"""

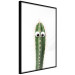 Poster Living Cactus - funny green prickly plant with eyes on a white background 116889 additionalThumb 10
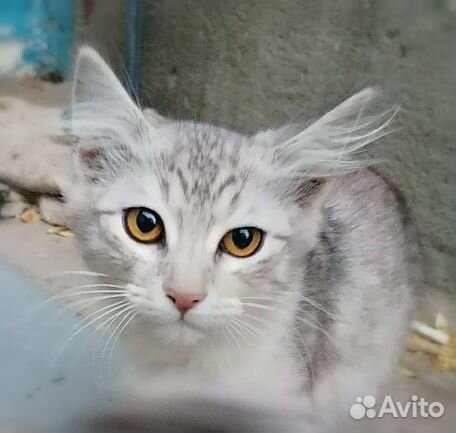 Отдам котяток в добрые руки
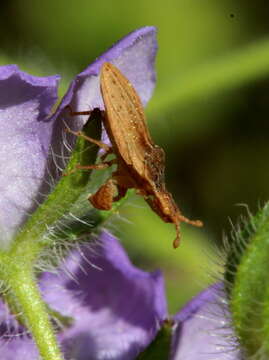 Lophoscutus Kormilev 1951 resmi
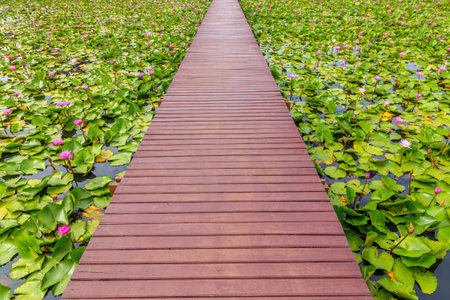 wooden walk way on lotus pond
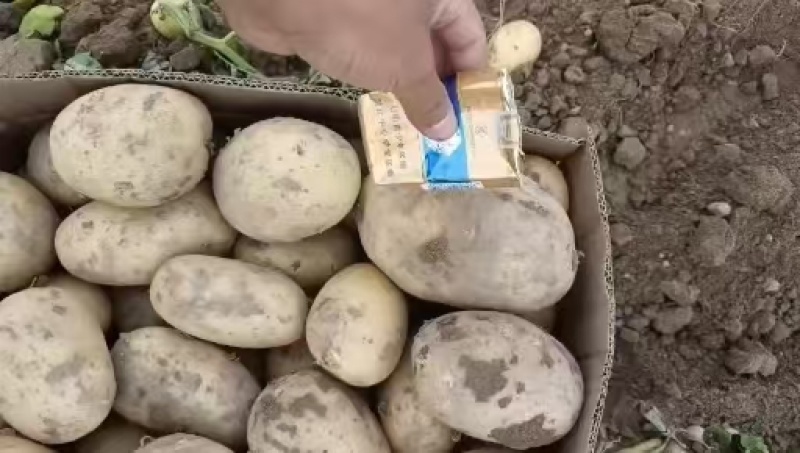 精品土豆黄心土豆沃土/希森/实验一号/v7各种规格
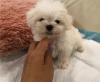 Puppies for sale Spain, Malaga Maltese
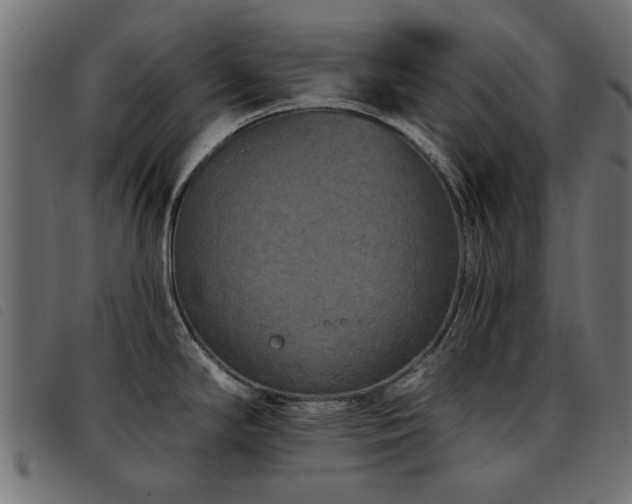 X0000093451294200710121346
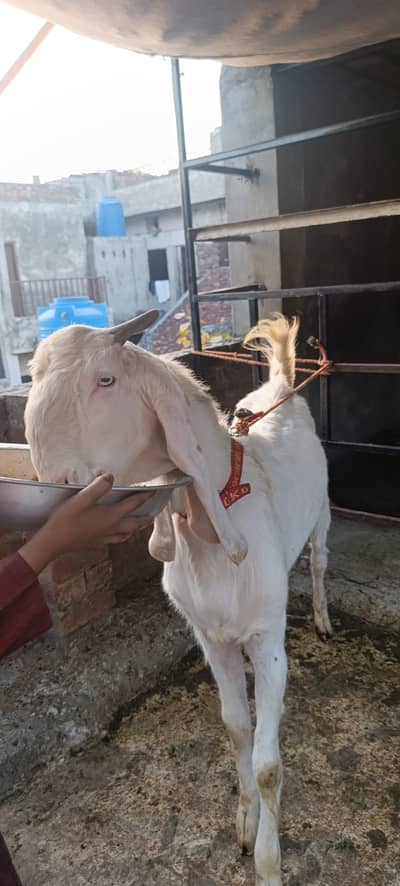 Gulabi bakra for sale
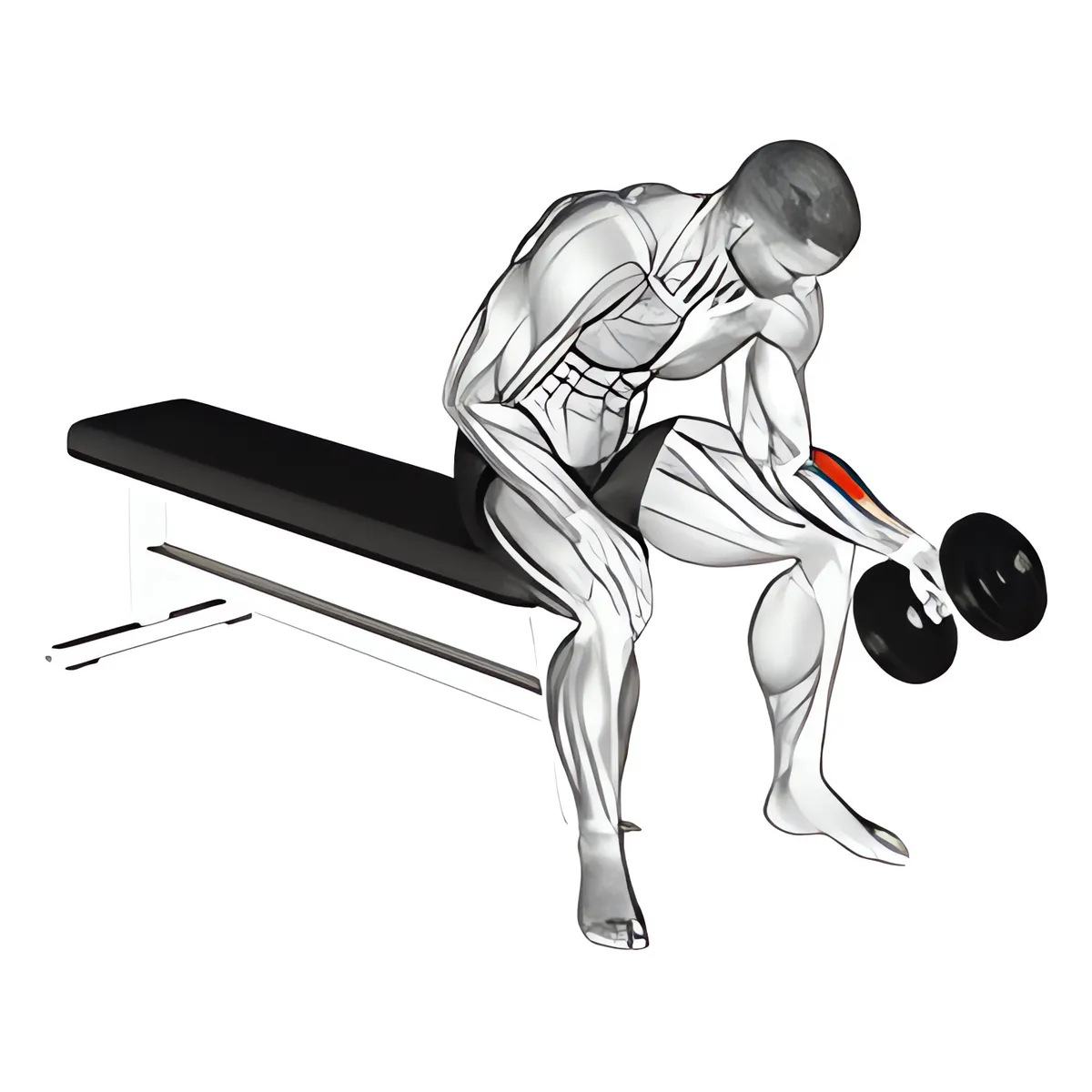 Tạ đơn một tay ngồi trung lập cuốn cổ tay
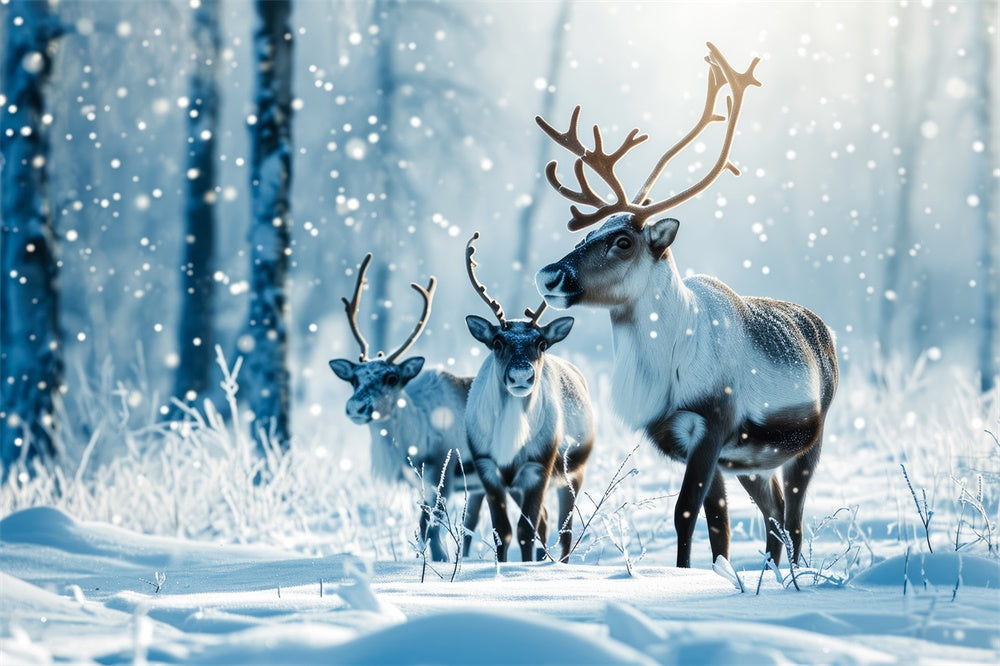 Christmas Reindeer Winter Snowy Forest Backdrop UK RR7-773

"""

* [Task requirements]: An acceptable answer holds exactly the lines from the one with "Tạ đơn một tay ngồi trung lập cuốn cổ tay" through the end of the entries above, both ends kept, and no pictures at all.

* [Result of this task]:
 Tạ đơn một tay ngồi trung lập cuốn cổ tay
 Christmas Reindeer Winter Snowy Forest Backdrop UK RR7-773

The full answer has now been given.